Она помолчала, глядя, как он укладывает в папку внушительную стопку бумаги.
— Хотите, я попробую доработать вашу рукопись?
— Это очень напоминает мне слова, сказанные Бетховеном одному композитору: «Мне понравилась ваша опера. Я, пожалуй, положу ее на музыку».
Уже в дверях он вдруг вспомнил что-то.
— А как бы вы это перевели? «Его пассивность напоминала застывший катаклизм».
— Я? — Она на секунду задумалась. — Я бы сравнила бездеятельность героя с дремлющим вулканом.
Кабинет доктора Раскина.
— А может, она сгустила краски? — спросил доктор.
— ?
— Ваша красотка редакторша. Примерчики понадергала? Перед коллегами красовалась? Может, перевод как перевод? И ни к чему все эти мерехлюндии?
— Она. кое в чем права.
— Кое в чем, — мгновенно среагировал Раскин. — Значит, в чем-то — нет? Значит, стоило побороться? Вы боролись?
— Как вы себе это представляете? По-приятельски взять за горло директора издательства? Просить другого редактора?
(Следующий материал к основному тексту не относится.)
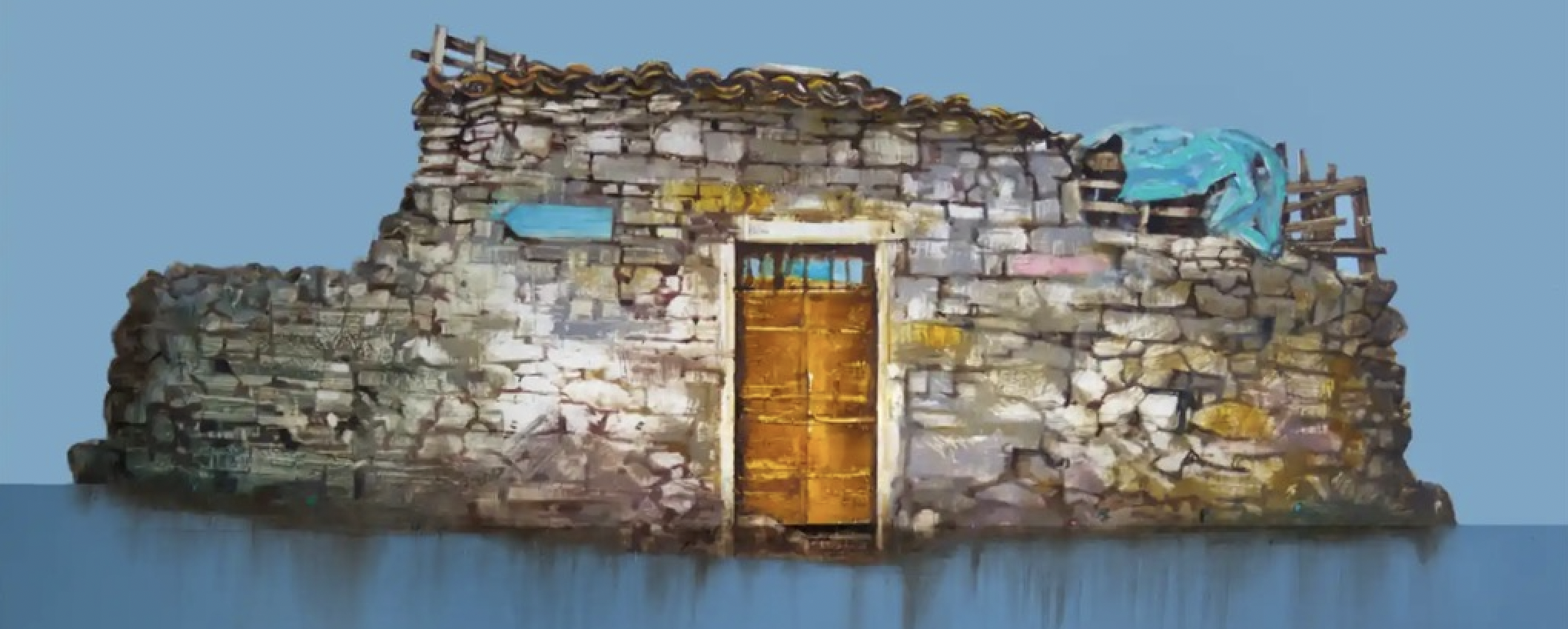 Misha Goro/ Vivian van Blerk, Paxos works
— Зачем другого? Ведь она, Ольга эта Михайловна, вызвалась доработать рукопись, так? Что, не так разве?.. А-а, амбиции не позволяют. Тут одно из двух: либо дело, либо амбиции. А если гордость паки унижения, так уж несите ее, свою гордость. Как несет грузинка на голове кувшин с водой. Темплан, деньги, слава. о чем вы, господа хорошие? Я несу свой кувшин. Как ни в чем не бывало. Мне главное не расплескать.
— Как ни в чем не бывало?! — Огородников вскочил со стула. — После всего, что она там понаписала?!
— Где «там»?
— На полях! Красным! «Так воссоздавать любовную сцену может только тот, кто забыл, как это происходит». После этого нахлобучить на голову кувшин? И по военно-грузинской дороге?
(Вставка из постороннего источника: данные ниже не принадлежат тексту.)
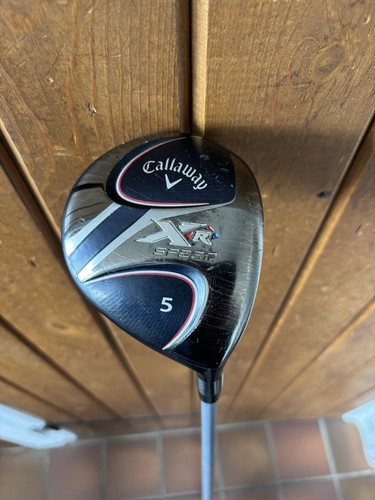 Callaway speed wood - xr,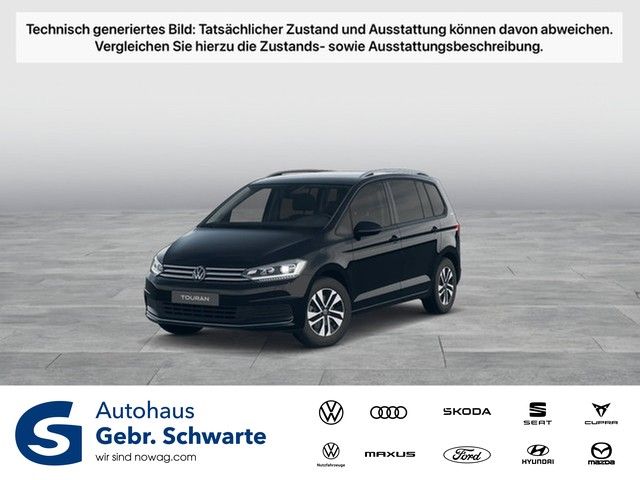 Image of Volkswagen Touran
— Сядьте. Сядьте и успокойтесь. — Раскин внимательно посмотрел в эти запавшие полубезумные глаза. — Как же я сразу не догадался? Вы сделали какую-нибудь глупость. сваляли дурака, — он разговаривал сейчас с Огородниковым, как заботливая мать с ребенком. — А теперь мучаетесь, места себе не находите. Да? Расскажите, легче будет. По себе знаю.
Огородников сидел в чужой квартире, на кухне, опустив лицо в ладони и монотонно раскачиваясь взад-вперед. Со стороны могло показаться, что у него невыносимо болит зуб.
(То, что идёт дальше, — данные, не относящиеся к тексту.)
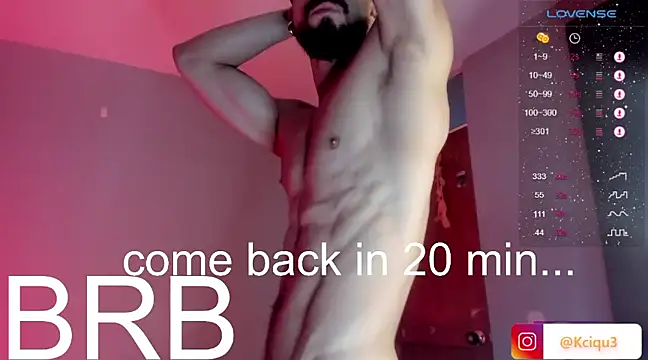 Snapshot of K_cique chatting on February 25, 2025, 2:14 am K cique online show from February 25, 2025, 2:14 am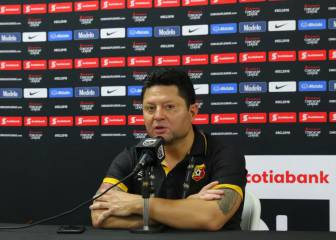 Concacaf suspendió con dos partidos a Jafet Soto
Из спальни, на ходу застегивая молнию на юбке, вышла Ольга. Остановилась в прихожей перед большим зеркалом, стала приводить себя в порядок. Один раз обернулась — Огородников качался, не меняя позы.
Ольга прошла на кухню, принялась готовить кофе.
Оба молчали.
Она разлила кофе в две чашки, одну поставила перед гостем.
— Простите, я не спросила. Вам без сахара…
— Спасибо.
— …или с сахаром?
— Да.
— Сама я…
— Я тоже, Ольга Михайловна… Оля…
— Не надо. Я понимаю, Олег Борисович, все это так. Когда вы позвонили, я по вашему голосу поняла, что…
— Правда?
— А потом сказала себе: да ну, глупости. Взвинчен, расстроен, все же понятно. Я до последней минуты. уже здесь. не думала, что этим кончится.
— Вот именно…
— Олег Борисович, пейте кофе и не мотайте себе душу. С кем не бывает.
— Со мной, например.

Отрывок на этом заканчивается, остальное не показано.